Beginning Investing - Unit 10: Bollinger Bands - Value

In this lesson we will continue our study of technical analysis, adding “Bollinger Bands” to our tool box. This is a variation of the envelope channel we discussed in lesson 9. Additionally, we will look at fundamental analysis with a first look at stock quality (value), or what makes a stock “good.” Thirdly, we will look at specific price charts and messages that help, and finally, review pick performance over the past two weeks.

Bollinger Bands

  1. In lesson 8, the last session on exits, we discussed variation as we introduced the Average True Range (ATR) to help set stops. A stop is to be far enough away from the price action to prevent “noise” from kicking us out, yet close enough to minimize the loss when a true assignable (not random) price drop occurs. The ATR is a simple measure of price volatility (or, how much is “noise”) to help us set stops. It would be well to review lesson 8 with this study. Now, in the parlance of statistics, a measure of variation called “standard deviation” provides a more powerful indicator. It is not so simple and for that reason less well known in the investing sandbox. However, John Bollinger, introduced his bands using this measure in a very helpful way. Let’s first look at this “standard deviation.”

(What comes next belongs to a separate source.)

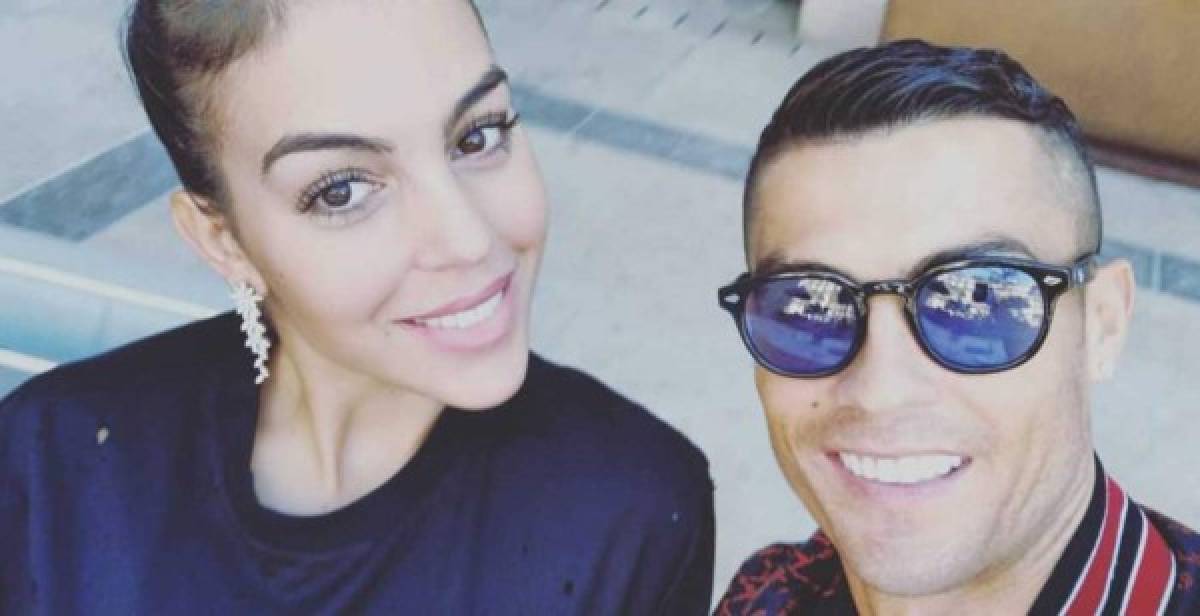 “Siempre duermo con lencería y prefiero la lencería sexy” confesó Georgina cuando le preguntaron cuál era su “truco” para “hacer feliz” a Cristiano Ronaldo.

  2. The “Normal” is the most popular distribution in statistics. It fits many real-life situations very well and has neat math properties that let us make strong statements about data from samples. A graph of the normal distribution is shown in Fig. 1. This is the familiar bell-curve with equal sides around a zero center. Now, notice the vertical line through the circle at the point of inflection, where the curve changes direction. The distance from the center to this line is defined as “one standard deviation” and given the name “sigma (s).” Sigma (s) is one standard deviation wide in any normal distribution. In Fig. 1, notice how almost the entire normal curve fits between –3s and +3s.


    Fig. 1 Normal Distribution with Standard Deviation (sigma)

  3. Next, the math properties mentioned can be seen in the following figure. It is helpful to consider how the normal curve is generated in nature. In a room of 100 avid investors the heights of the group will fit a normal distribution. There will be an average height (the center of the curve) with about equal numbers above and below this center. Now, within two and three sigma limits, the percentages shown let us make strong predictions. It is this principle used with Bollinger Bands.


    Fig. 2 Percentages within 2 & 3 sigma.

  4. You may ask, how can that be? Wherever normal distributions occur, the principle is true. But, true to what degree? It is true to the degree that a distribution is truly normal. There lies the rub, true normal distributions occur only with very large sample sizes. As well, they are true so far as the data that makes up the population is random by nature. So we have limitations. In the market we have seen the data (price patterns) are made up of both random and assignable observations. With that background, let’s look at the marvelous work offered by John Bollinger with his bands.

  5. First, review the pattern of a trading envelope as shown in Fig. 3. This envelope channel has its upper band some value above a moving average of the price, with the lower band below by the same amount with the vertical width of the envelope a constant. The moving average is normally not shown, but provides the center of the envelope. The width of the envelope can be selected according to the price volatility, where the upper band signifies an overbought condition (get ready to sell) and the lower band the oversold case (get ready to buy). The envelope becomes support on the bottom and resistance on the top.


    Fig. 3 Trading Envelope on FLWS.

  6. The problem with this approach lies in the envelope, where we can adjust the width to fit a particular price pattern. For example, if I leave the envelope where it is on FLWS and bring up another ticker, SOHU, the bands are violated as shown below. SOHU is a more volatile issue, thus the width for FLWS is not good for SOHU. I can modify the width to conform to the new price pattern, vary the channel width with each ticker, but that is troublesome. There should be a better way.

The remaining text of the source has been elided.